Contra todas as adversidades, Edson sobreviveu e conquistou o diploma de Direito

Autor: Nayara Rosolen

Na Uninter, as limitações são encaradas como oportunidade de melhoria e dedicação para que os estudantes recebam o melhor atendimento e formação profissional. Exemplo disso é a trajetória do egresso Edson Bazam, de 54 anos, que conquistou o diploma do curso de Direito este ano, em Curitiba (PR).

Edson é tetraplégico desde os 13 anos de idade, mas a condição nunca o impediu de viver nenhuma experiência. No centro universitário, o trabalho realizado pelo Serviço de Inclusão e Atendimento aos alunos com Necessidades Educacionais Especiais (SIANEE) foi fundamental para garantir o suporte necessário durante os estudos.

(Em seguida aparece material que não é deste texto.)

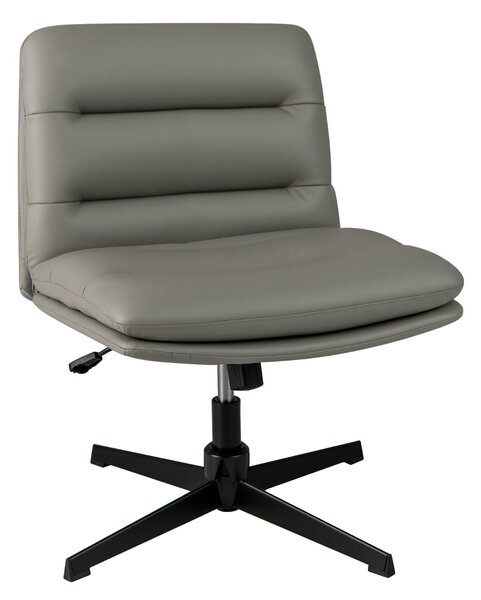 Costway Sedia per ufficio con sedile e schienale confortevoli, Poltrona in pelle sintetica senza braccioli con base ad incrocio Grigio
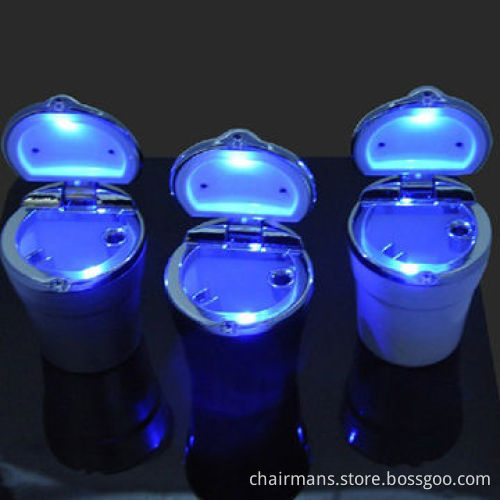 Silver Car Ashtray with LED Night Light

O resultado do trabalho conjunto se deu no último dia 16 de abril, na solenidade de colação de grau, que aconteceu na Ópera de Arame da capital paranaense.

“A admiração e respeito, por parte daqueles que me conhecem e daqueles que ficam sabendo que sou bacharel em Direito, são notórios. Sempre ficam de olhos arregalados ao saberem disso. O curso trouxe uma maior e melhor visão de mundo e de como é importante saber nossos direitos”, afirma o egresso.

A coordenadora do SIANEE, Leomar Marchesini, conta que, desde a entrada na instituição, Edson demonstrou determinação e ânimo no enfrentamento das dificuldades, “superadas com maestria”.

“Sempre confiante em si mesmo e no trabalho do SIANEE, comunicava suas necessidades e algumas vezes nos sugeriu recursos, em uma produtiva parceira. Sempre muito educado, cordial e universitário dedicado, levando extremamente a sério a sua formação profissional. Esteve seriamente enfermo no final do curso, mas nem isto abalou sua vontade de vencer. Considero a formatura do Edson Bazam emblemática no trabalho de inclusão do SIANEE”, salienta Leomar.

 

A luta de Edson para sobreviver 

Edson nasceu em uma região rural, no interior do Paraná, próximo à Pérola (PR). Em 1972, o pai, Arnaldo, que era cafeicultor, resolveu dar outro rumo para a vida da família, pois no sítio que possuía em sociedade com o irmão, Getúlio, passava por muitas privações e o trabalho era pesado. “Arrumou emprego como auxiliar de pedreiro, alugou uma casa humilde e voltou somente para nos buscar”, lembra Edson.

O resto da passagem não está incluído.